ベートーヴェンはジョン・コルトレーンでしょう。コルトレーンの演奏は襟を正して聴くような感じですね。
コルトレーンの演奏も生で聴いてみたかったです。おごそかに、そして真剣に、交響曲を聴くように聴いたでしょう。
マイルスとコルトレーンとロリンズ・・全くすごい時代があったものです。
写真のジャズ喫茶、きれいですね。私の経験ではなぜかジャズライブをやる所はきれいとは言い難い所が多いです。さもなくば「お高い」所か。
by sachat06 (2008-05-20 21:05) 

じゅんじゅん

 なるほどよくわかりました。私のジャズ生初体験は高校生のころに聞きにいったビックバンドジャズコンサート。確か、カウント・ベイシー楽団だったと思います。それから、マッコイ・タイナーのピアノも聞きにいったぞ。そして、渡辺貞夫のコンサートに初めて行った時に、「あー、日本にもこんなカッコイイ、ジャズミュージシャンがいたんだ」とえらく感激した思い出があります。
 写真のジャズ喫茶にリニューアルしたのは最近のことのようです。以前は毎日、前を通り過ごしながら、入ってみようなどとは決して思えなかったような汚なーい店でした。

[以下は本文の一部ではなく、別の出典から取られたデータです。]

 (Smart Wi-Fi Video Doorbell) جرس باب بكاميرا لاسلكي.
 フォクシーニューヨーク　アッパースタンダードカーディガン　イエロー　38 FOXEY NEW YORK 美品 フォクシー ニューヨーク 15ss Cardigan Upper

場末というよりも、ほとんど、営業してないような。わかるでしょ。
by じゅんじゅん (2008-05-20 21:29) 

herosia

正解だす。調子に乗ればエリントンはビバルディ。ベイシーはハイドン。ロマン派はハードバッパーの諸君。革新者たちの不思議な相似形。
by herosia (2008-05-20 21:32) 

sachat06

かの名前でこれだけ刺激される人がいるとは、さすがロリンズ。